It was the American news channel CNN which – no doubt in all
ignorance – broadcast one of the most telling items. Maggie was barely cold
before her picture appeared on screen, trading smiles with Jimmy Savile.
Both were wearing big NSPCC badges – and we know now just
where Savile really stood on preventing cruelty to children.
About the same place Mrs T stood on British industry, social
housing, the railways, vital services such as power, water and telecoms, Scotland,
Wales, the north of England, football fans and the working class in general.
Unlike many people I know, however, I couldn’t celebrate her
demise.
I wish she had merely slipped away quietly, unnoticed.
Without pomp, ceremony or sickening eulogies of a life that did so much harm to
so many others.
Her death is nothing to celebrate while the pernicious,
divisive and destructive principles she instilled live on in government. While
her successors work on doing to health and welfare what she did to mining,
shipbuilding and steel.
The death of the woman should be a private affair. The death
of her ideas – now that would be something to celebrate.
***
There is a popular belief in Britain
that our (unwritten) constitution gives us a right to something called “free
speech”.
This belief could be variously
described as quaint, wishful, or just plain wrong.In a world where public servants can be forced from their jobs for making politically inexpedient remarks on Twitter, “free speech” isn’t worth the mobile device it’s written on.
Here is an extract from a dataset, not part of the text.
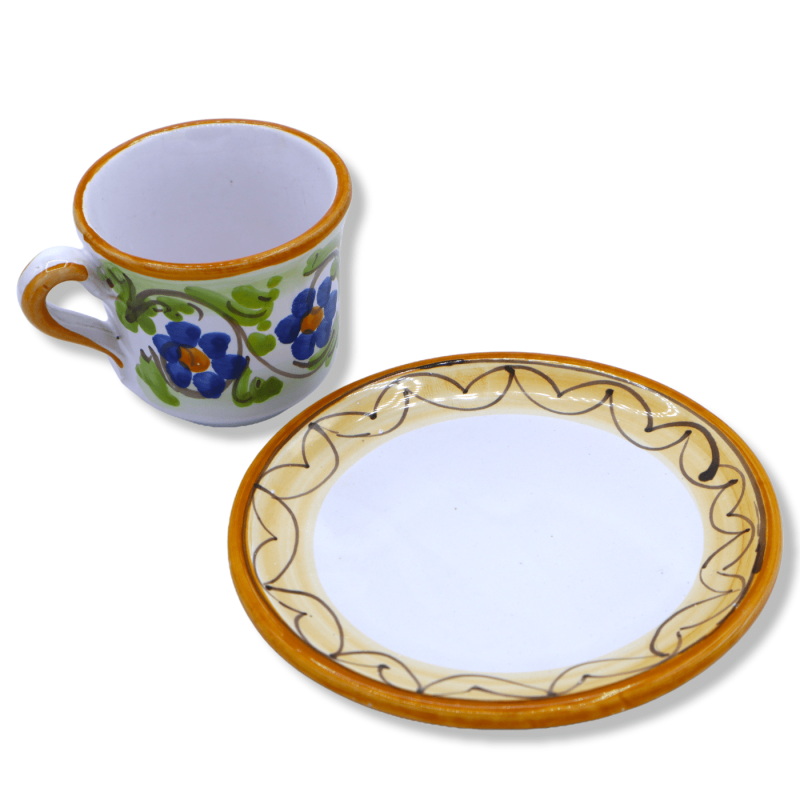 Kaffeetasse aus feiner sizilianischer Keramik, Blumen- und Blattdekor – H ca. 5 cm. (1 Stück) Mod NL -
In fact, certain currents at work in government – and, ironically, in some parts of the press – would make social media a tool of social control that Hitler and Stalin might envy.
Along with the fiction of “free speech” there is an associated belief that we have a “free press”. This too is a delusion.
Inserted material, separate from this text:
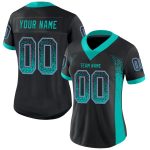 Personalized Aqua Pink Mesh Football Jersey for Drift Fashion, Custom Black Design Personalized Black Aqua-Pink Mesh Drift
Like any journalist worth their salt, I’ve sometimes been prevented for legal reasons from saying something I believed to be true. Usually the censorship is self-imposed.
Which is, in fact, how censorship nearly always works. Fearing the law, you bend over backwards not to risk even appearing to break it.
In the case of newspapers, the law concerned is usually the one of libel.
It’s the only British law that lays the burden of proof on the accused. It exists only to protect the powerful and rich.
And it’s not only journalists who have to watch what they say or print.
A new book, “Waiting To Be Heard”, is due for publication at the end of this month in the USA, Canada and Australia.
It’s the story, in her own words, of Amanda Knox, the American woman who was jailed in 2009 in Italy for the murder of English student Meredith Kercher. Acquitted on appeal in 2011, she is now awaiting a retrial after the acquittal was also overturned.
The Italian legal system, you may conclude, is even more bizarrely knotty than our own.
But Knox will have to go on waiting to be heard here because m’learned friend has advised publisher Harper Collins that a book which is fit to be sold everywhere else in the English-speaking world may not be safe against UK law.
You may not think it too dreadful to be denied what will no doubt be a pretty juicy read. But there is a much more serious recent case of a book freely available in the US and Europe being denied a British readership by its publisher’s fear of legal action.
“Going Clear: Scientology, Hollywood and the Prison of Belief” is a history and investigation of the controversial American church by Pulitzer Prize-winning journalist and lawyer Lawrence Wright. It’s considered legally safe in the homeland of its subjects Tom Cruise and John Travolta, but not here.
Archaic and restrictive as they are, our defamation laws are long overdue the reform which is being debated in Parliament today. It remains to be seen how much better the new will be than the old. I’m not holding my breath.